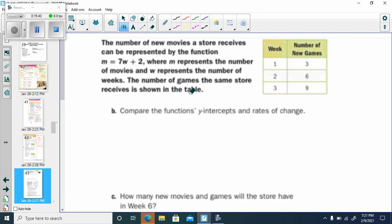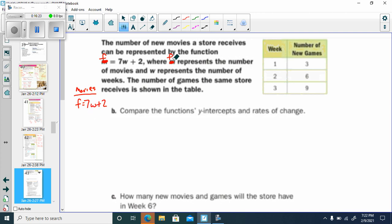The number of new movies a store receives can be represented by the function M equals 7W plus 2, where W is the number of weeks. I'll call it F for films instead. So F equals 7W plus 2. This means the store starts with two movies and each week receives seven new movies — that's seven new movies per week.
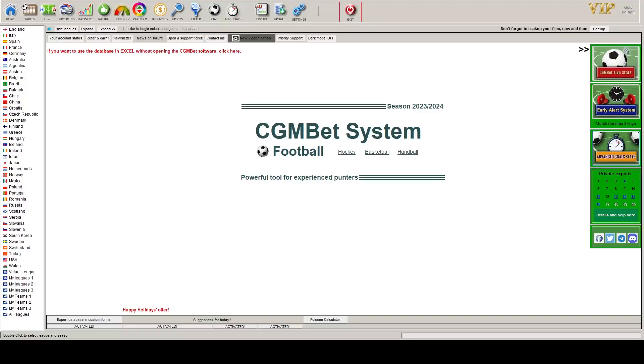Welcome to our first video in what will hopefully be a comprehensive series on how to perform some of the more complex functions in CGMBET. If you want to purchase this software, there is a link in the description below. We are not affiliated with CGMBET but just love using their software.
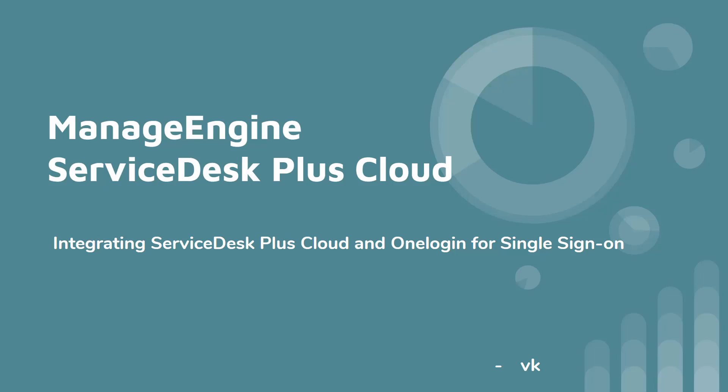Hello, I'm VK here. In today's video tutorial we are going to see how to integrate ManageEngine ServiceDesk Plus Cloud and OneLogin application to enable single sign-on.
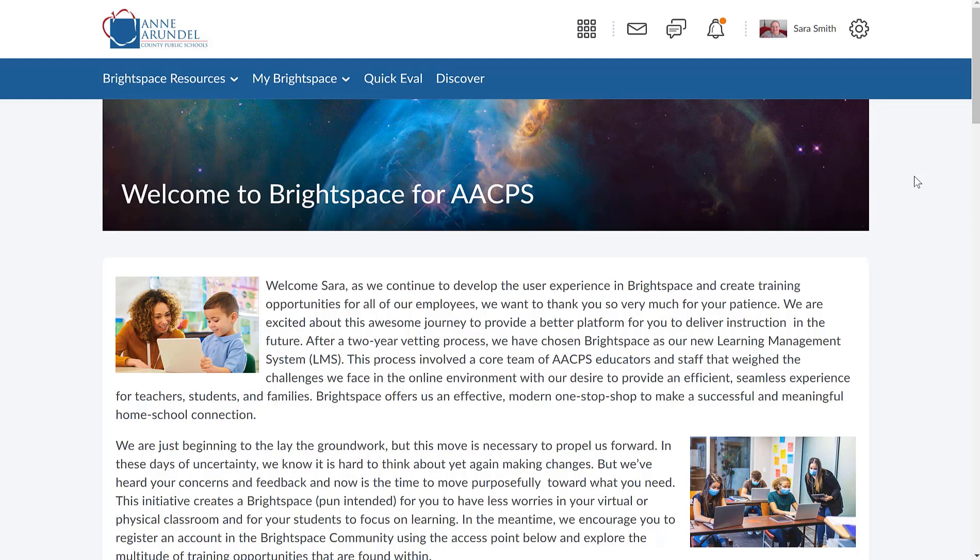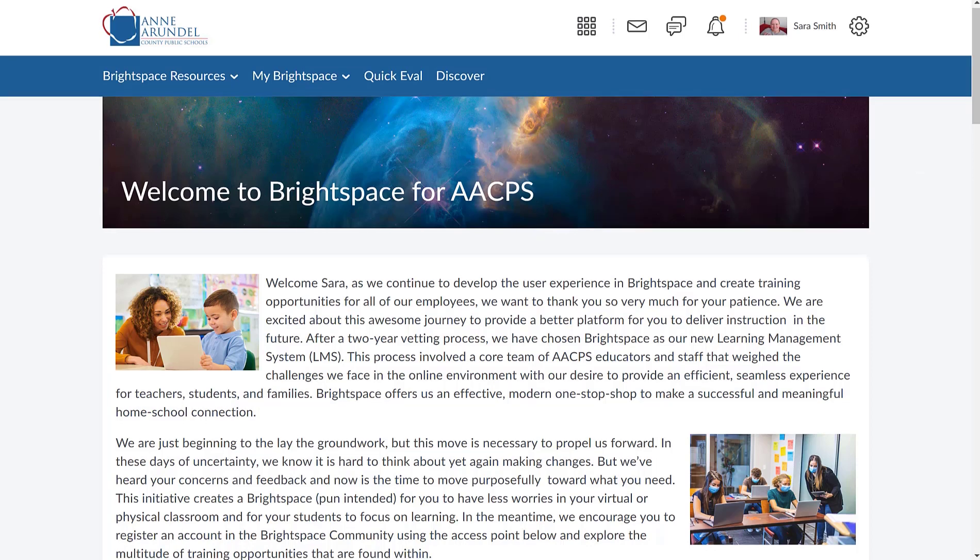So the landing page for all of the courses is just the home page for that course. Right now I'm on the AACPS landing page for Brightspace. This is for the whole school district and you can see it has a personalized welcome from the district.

* **Exercise brief**:
Write out every line above exactly, minus images.

* **Answer**:
The number of new movies a store receives can be represented by the function M equals 7W plus 2, where W is the number of weeks. I'll call it F for films instead. So F equals 7W plus 2. This means the store starts with two movies and each week receives seven new movies — that's seven new movies per week.
Welcome to our first video in what will hopefully be a comprehensive series on how to perform some of the more complex functions in CGMBET. If you want to purchase this software, there is a link in the description below. We are not affiliated with CGMBET but just love using their software.
Hello, I'm VK here. In today's video tutorial we are going to see how to integrate ManageEngine ServiceDesk Plus Cloud and OneLogin application to enable single sign-on.
So the landing page for all of the courses is just the home page for that course. Right now I'm on the AACPS landing page for Brightspace. This is for the whole school district and you can see it has a personalized welcome from the district.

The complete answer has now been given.